Parv Sharma

Comprehensive efficacies of mRNA, CRISPR-Cas9, and gene therapy as Cystic Fibrosis treatments

Started Mar. 6, 2023

Abstract or project description

Cystic fibrosis (CF) is a life-threatening genetic disorder characterized by the production of thick, sticky mucus that obstructs the lungs and pancreatic ducts, leading to severe respiratory and digestive complications. Progress in CF therapies has focused on innovative approaches such as mRNA-based therapies, gene therapy, and gene modification with CRISPR-Cas9. mRNA-based therapies have been promising, as these CF treatments use mRNA to restore the function of the defective cystic fibrosis transmembrane conductance regulator (CFTR) protein. Modified mRNA is delivered into cells to produce functional CFTR protein, improving chloride ion transport and reducing mucus viscosity. Gene therapy is another strategy for CF treatment, involving the delivery of CFTR genes to correct the genetic mutation responsible for CF. The primary method utilizes delivering adenovirus to deliver the therapeutic gene into target cells.

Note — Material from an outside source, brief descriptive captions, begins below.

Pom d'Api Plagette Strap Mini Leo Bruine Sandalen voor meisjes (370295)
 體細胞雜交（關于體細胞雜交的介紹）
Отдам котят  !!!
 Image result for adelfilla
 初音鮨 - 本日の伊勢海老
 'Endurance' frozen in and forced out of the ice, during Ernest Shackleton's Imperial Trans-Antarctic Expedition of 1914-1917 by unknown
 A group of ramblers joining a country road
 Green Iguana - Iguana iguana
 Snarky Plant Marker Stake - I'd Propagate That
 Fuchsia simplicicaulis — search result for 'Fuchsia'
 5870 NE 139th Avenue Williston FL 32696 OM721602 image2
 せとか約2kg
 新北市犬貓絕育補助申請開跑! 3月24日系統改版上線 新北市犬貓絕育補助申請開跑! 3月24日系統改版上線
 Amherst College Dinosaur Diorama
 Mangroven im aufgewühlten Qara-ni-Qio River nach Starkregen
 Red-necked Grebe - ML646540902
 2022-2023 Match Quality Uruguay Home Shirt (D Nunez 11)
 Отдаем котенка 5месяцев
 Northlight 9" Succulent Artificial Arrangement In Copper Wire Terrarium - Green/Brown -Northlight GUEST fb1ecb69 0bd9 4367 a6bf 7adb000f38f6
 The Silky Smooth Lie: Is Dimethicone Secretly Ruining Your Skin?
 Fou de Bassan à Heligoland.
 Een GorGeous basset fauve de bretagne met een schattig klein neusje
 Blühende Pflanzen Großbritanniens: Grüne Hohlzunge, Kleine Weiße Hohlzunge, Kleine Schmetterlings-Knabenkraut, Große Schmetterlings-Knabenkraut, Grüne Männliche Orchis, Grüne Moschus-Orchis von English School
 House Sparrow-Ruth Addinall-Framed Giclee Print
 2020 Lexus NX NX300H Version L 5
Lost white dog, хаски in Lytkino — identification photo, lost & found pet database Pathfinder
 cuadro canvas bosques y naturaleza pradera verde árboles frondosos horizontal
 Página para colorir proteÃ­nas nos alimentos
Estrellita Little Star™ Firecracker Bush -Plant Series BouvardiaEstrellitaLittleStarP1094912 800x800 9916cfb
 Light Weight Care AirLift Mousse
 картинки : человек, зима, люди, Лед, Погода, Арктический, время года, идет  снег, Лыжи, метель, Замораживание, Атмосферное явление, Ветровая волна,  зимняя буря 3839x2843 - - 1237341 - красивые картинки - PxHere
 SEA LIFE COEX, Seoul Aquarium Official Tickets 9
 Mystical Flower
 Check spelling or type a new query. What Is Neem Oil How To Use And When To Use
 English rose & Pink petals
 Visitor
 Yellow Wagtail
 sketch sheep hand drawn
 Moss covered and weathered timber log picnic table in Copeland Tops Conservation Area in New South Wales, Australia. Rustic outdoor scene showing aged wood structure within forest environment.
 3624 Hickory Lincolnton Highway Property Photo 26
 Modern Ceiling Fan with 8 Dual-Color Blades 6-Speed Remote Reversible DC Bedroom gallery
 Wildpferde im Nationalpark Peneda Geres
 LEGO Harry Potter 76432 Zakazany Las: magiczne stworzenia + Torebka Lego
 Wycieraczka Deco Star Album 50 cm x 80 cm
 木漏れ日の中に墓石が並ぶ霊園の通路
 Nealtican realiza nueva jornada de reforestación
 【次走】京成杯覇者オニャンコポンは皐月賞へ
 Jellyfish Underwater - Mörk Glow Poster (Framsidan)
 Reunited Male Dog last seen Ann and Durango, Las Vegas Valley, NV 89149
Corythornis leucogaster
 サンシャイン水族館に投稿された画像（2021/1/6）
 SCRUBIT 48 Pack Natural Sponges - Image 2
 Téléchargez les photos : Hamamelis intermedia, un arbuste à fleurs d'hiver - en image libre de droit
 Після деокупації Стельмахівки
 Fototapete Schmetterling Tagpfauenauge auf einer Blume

The emergence of CRISPR-Cas9 genome editing has revolutionized CF therapy by enabling modifications to the CFTR gene, addressing specific CF-causing mutations. Utilizing CRISPR-Cas9, researchers want to correct mutations, restore CFTR protein function, and potentially provide a permanent cure for CF. Significant progress has been made in developing therapies for CF, including mRNA-based therapies, gene therapy, and gene modification with CRISPR-Cas9. These approaches offer potential benefits in alleviating symptoms, enhancing lung function, and even providing a cure for CF, and to properly understand the alleviations plausible, we must consolidate research from research papers and clinical trials - reviewing efficacies of different treatments to determine the potential usefulness of different treatments.